◆ **Raw data**

# # #

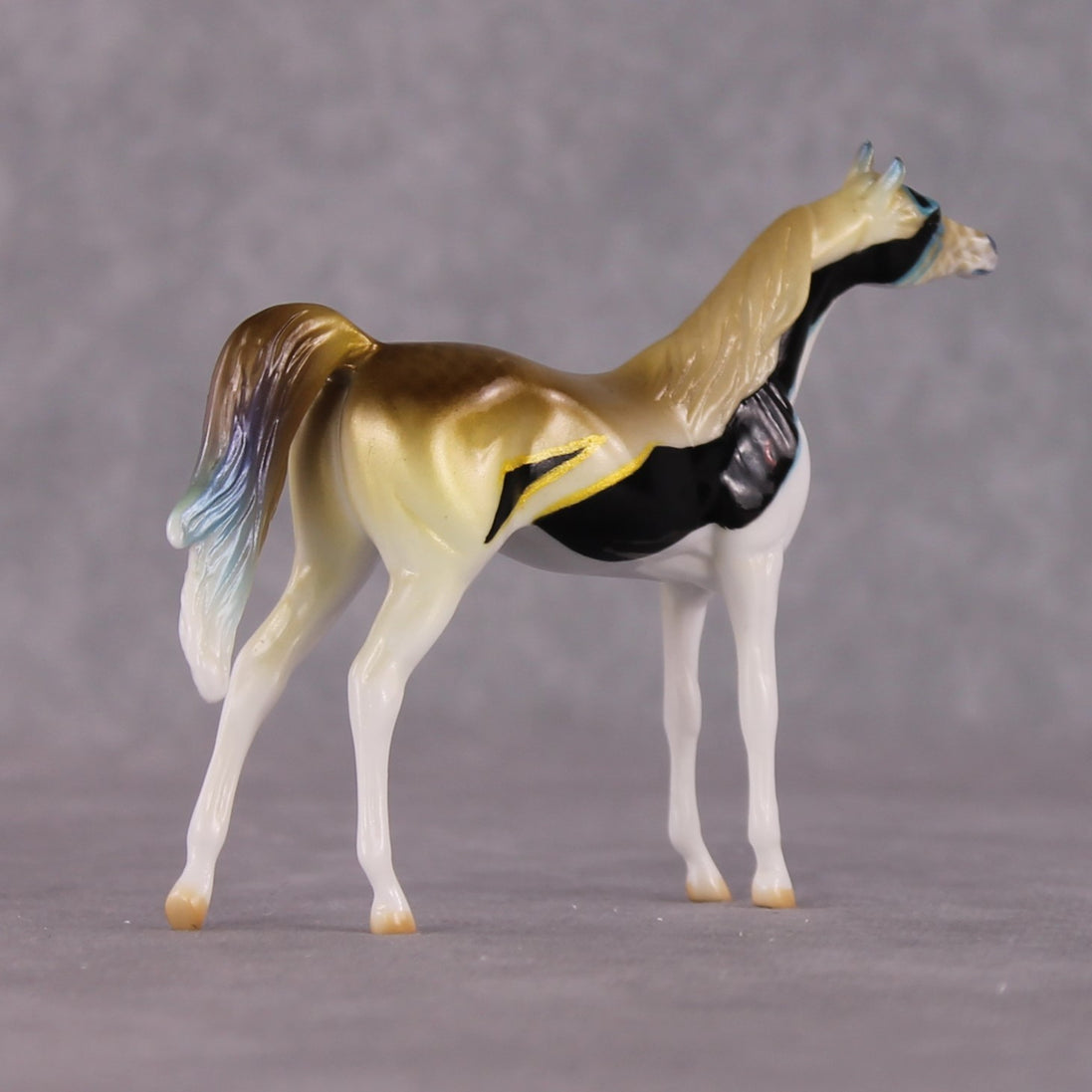 "Vowel" OOAK Glossy Humuhumunukunukuapua`a Inspired Arabian Chip by Jess Hamill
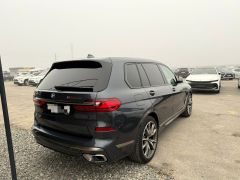 Фото авто BMW X7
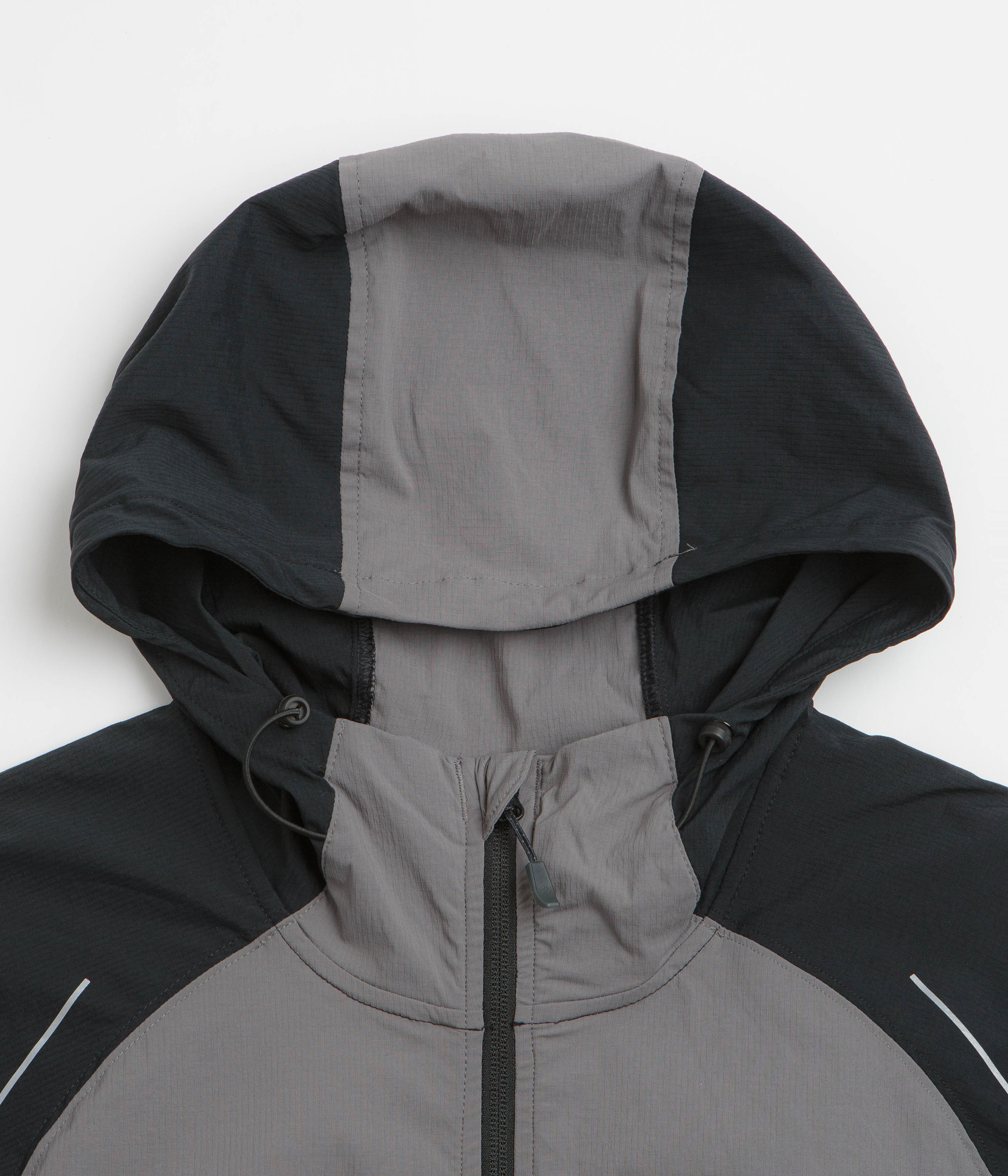 Columbia Tech II Wind Full Zip Jacket - Black / Columbia Grey - Image 4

# # #

◆ **What you need to do**
Give back the material exactly as written, images excluded.

◆ **Result of the task**
 "Vowel" OOAK Glossy Humuhumunukunukuapua`a Inspired Arabian Chip by Jess Hamill
 Фото авто BMW X7
 Columbia Tech II Wind Full Zip Jacket - Black / Columbia Grey - Image 4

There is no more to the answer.